Today is a big day for me.

Today I am alive. I am well. I am happy.

I’m not done. There is so much work to be done, hard work. But I am here and I will do the work, I will take the pills and I will hold my people close and thank them for saving me. For giving me the strength to save myself. Because I am here, I am a survivor. And two years later I can really own it. I have been through hell. I have fought my way back.  Survivor. And I am here to tell my story, and I thank you for listening to it, for you are part of my survival as well.

 

(don’t know what I’m talking about?  Its this and then this.)

I hope they know

I start to stir, the light is a dark pink as the sunrises through the curtains. One is standing next to me whispering “Mommy? Mommy….you wake? Mommy, I’m here, scoot over.”  I do. Of course. I feel the warmth of his body as he moves closer to mine, I smell his hair fresh from last nights bath. I breate it in deeply the scent calms me as I snuggle him close, eyes still closed. His skin is so soft I remember when he was a baby and I’d stroke his cheek as he’d fall asleep back when he fit in my lap but smelled the same.

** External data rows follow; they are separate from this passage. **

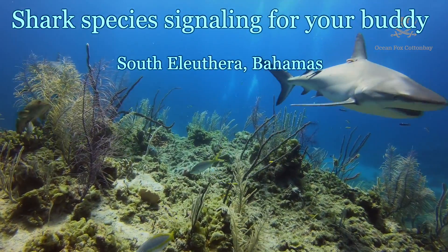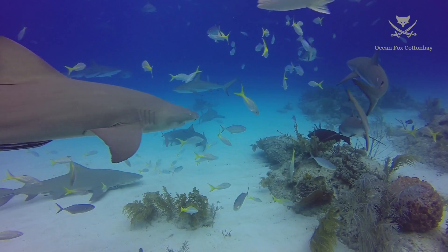On Zelda Luther, we have so many species of sharks, you need to be able to identify the species for your dive buddy.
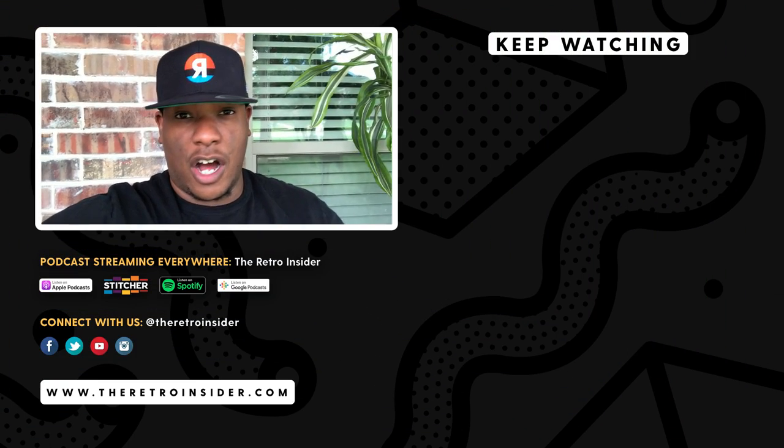If you want to learn more about how I was able to get my hands on this sneaker snag, go ahead and check out the Retro Insider podcast show, which I'll throw a link to in the description. It's streaming everywhere, and you don't want to miss it.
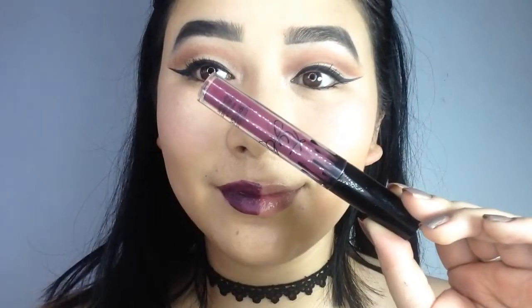Not to forget the lower lashes. Using the shade Quart K, I am quickly going to finish up with my lips.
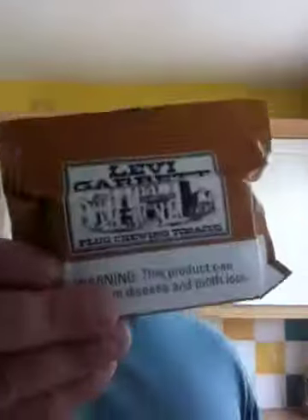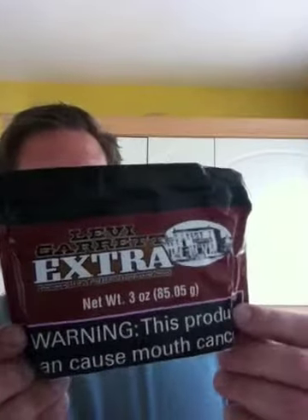I love this Levi Garrett plug, which is compressed tobacco into a brick — great stuff. It doesn't say how much it weighs, but it's certainly not as heavy as a 3 oz Levi bag. I've got a good few of these because I love them. I've also got this, which I like as well — slightly more expensive. Levi Garrett Extra, loose leaf, which is a 3 oz bag. Really nice select leaves, and it tastes great.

About thirty minutes later the little one starts making noises from down the hall. I stay in bed listening, holding the big one but enjoying them both. He gets a little louder so I shake Nate a little, “Your brother is up, are you ready for the day?” We get up and walk to Ben’s room. They chat in their own secret code and I am an outsider. I lift Ben and hold him so close I can feel his heart beating, so warm and snuggly, first thing. He too smells fresh from his bath and I again breathe him in as fully as I can. A quick diaper change and he and Nate are off. No longer needing me, they have each other now.

The days aren’t always smooth and easy, some days are but occasionally I’m not well. Somedays I lie on the floor while they play and stare at the ceiling, tears running down my face for no real reason at all. Sometimes I don’t want to talk or play or color, I just need to be. I hate these days, I hate that the best  can do is just being in the same room with them. I don’t want to be away from them, that’s for certain. I need them close to me, they remind me that it’s worth it, to keep going. Still, they know. They know when I’m off, they behave a little better and play a little more quite. They know. They are so young but the get me. Mommy’s not always well.

I’m working so hard on being well. So hard that when these days come they are more debilitating then ever. WHY, is this STILL happening!? I’m doing everything I’m supposed to and should do. And yet, depression and anxiety can break through at times. Medicine is helpful, it’s not a cure.

I’m able to appreciate the good days and I try so hard to let the bad ones go. To make the good ones great, Nate’s old enough to remember this now. They say that you choose the good memories over the bad. I hope this is true. I hope he remembers me at my best and not the mom who sometimes lies on the floor and cries.

Both boys were hard to leave today.  Nate at pre-school, Ben at the gym. Yesterday was a really hard day. It affected them, they didn’t want to leave me today. I didn’t really want them to go, either.

I just hope they know. Not that mommy is sick but that she is working to be well. She wants to be well. I want nothing more than to raise these boys, to watch them grow up and to love them. That going to the gym so much and not letting them eat fruit snacks and making them wash their hands means I love them. Nate knows when I go to the doctor and it’s a lot. He never asks why, he just tells me he’ll miss me. I clutch my heart and go to therapy. When I come home I know three sets of open arms will be waiting for me. So I go and I do the work. I do it for myself and I do it for them.

I love these people so hard. All of this work is for our family. I love them. I hope they know.